# Aim your way



## Molly77 (Feb 10, 2014)

Hi, I checked the search and couldn't find anything. Has anyone had any dealings with the company Aim your way...?


----------



## Justgettinby (Oct 27, 2014)

Their fees are total crap


----------



## GTX63 (Apr 12, 2012)

They call quite a bit. We do not take their work. Just had bad experiences in the past.


----------



## Molly77 (Feb 10, 2014)

Oh, that sucks.....was it recent or a long time ago?:icon_rolleyes:


----------



## GTX63 (Apr 12, 2012)

They have an ongoing history of low, slow, no pays.


----------



## JenkinsHB (Apr 11, 2012)

We just took a job from them on Thursday. Only because it was 5 miles from our operation. Otherwise I turn down the majority of their work. They will pay, you might have to remind them to do so.


----------



## Splinterpicker (Apr 18, 2012)

Americas Info Mart Total south ends of a north bound horse. I had done work for them then the y stiffed me for 600 Nope no way Replaced a lock on a door that had an OLD style long set back with a modern one with a short set back and put on a cover plate. because I used a cover plate to fill the hole they had a crap fit and denied the whole qc passed work order. They wanted me to glue in the plug from the new hole on a natural finished door . That gave me a glimpse into their mind set


----------



## Craigslist Hack (Jun 14, 2012)

It's a disaster working for them. They are a mess you get to play the revolving vendor manager game, and the pay is never right.


----------



## BPWY (Apr 12, 2012)

I worked for them way back in the day. 

Their work load was VERY light but they paid full HUD less 15 or 20 %. 
No pay issues, no BS, no issues. 

Then with no warning they cut their rates in half. 
I told them to get lost. 

Sounds like they've continued to go down hill. I'm surprised they are still in operation.


----------



## Molly77 (Feb 10, 2014)

JenkinsHB said:


> We just took a job from them on Thursday. Only because it was 5 miles from our operation. Otherwise I turn down the majority of their work. They will pay, you might have to remind them to do so.


Is signing up for aspen grove I think it is....mandatory or optional?


----------



## nycinspector (Feb 12, 2015)

*Non paying company*

They call you up when they want inspections done same day. They seem to be very familiar with your company name, personal name etc.

When its time to pay, your web account gets inactive and NO ONE at the company seems to know WHO are you are.

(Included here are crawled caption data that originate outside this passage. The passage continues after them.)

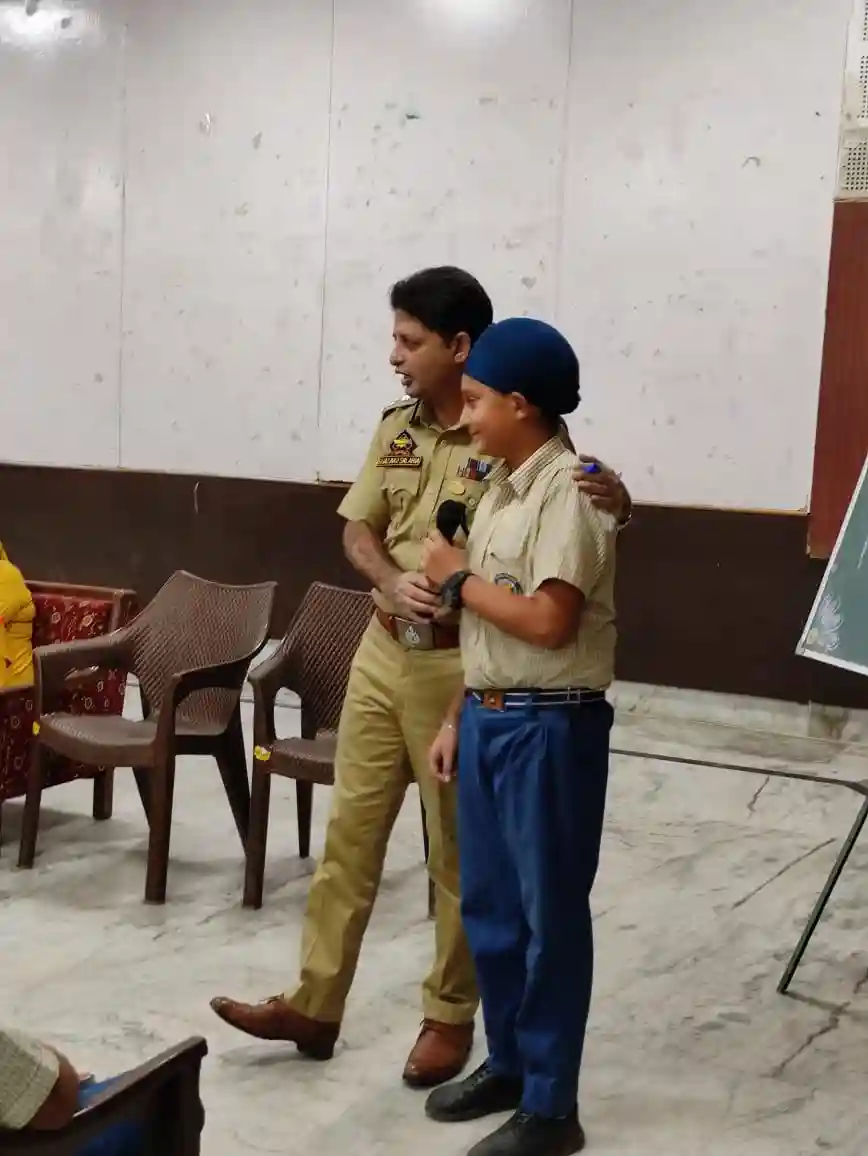 J & K Police Public School 7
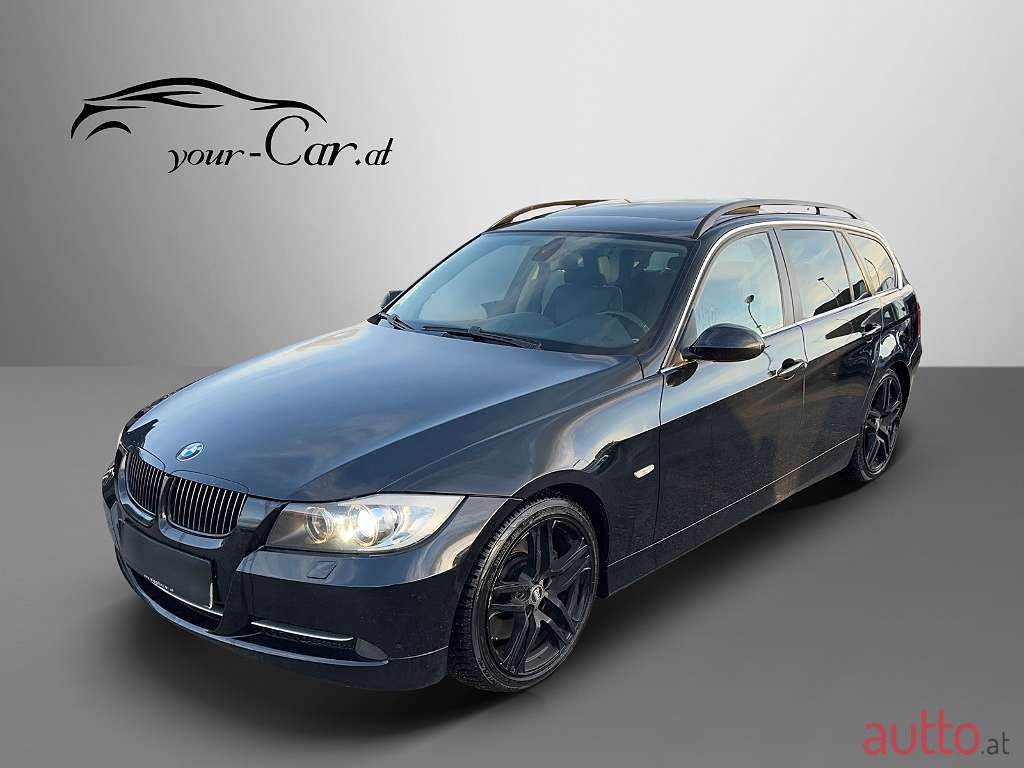 2008' BMW 3Er-Reihe photo #3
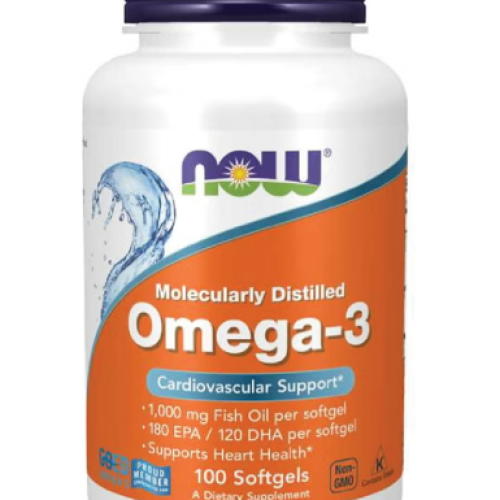 Ogema 3 Fish Oil 1000mg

They tell you they will have to "research" your missing check and you NEVER hear from them again !

AVOID !


----------



## PPPrincessNOT (Nov 11, 2013)

Molly77 said:


> Is signing up for aspen grove I think it is....mandatory or optional?


 
Unfortunately it's Mandatory..
Of course whether you sign up is up to you..
Its a lot of hoops and paperwork and a $65 ( I think its been awhile) fee...
but IF you do sign up with Aspen Grove your good for a bunch of other companies...


----------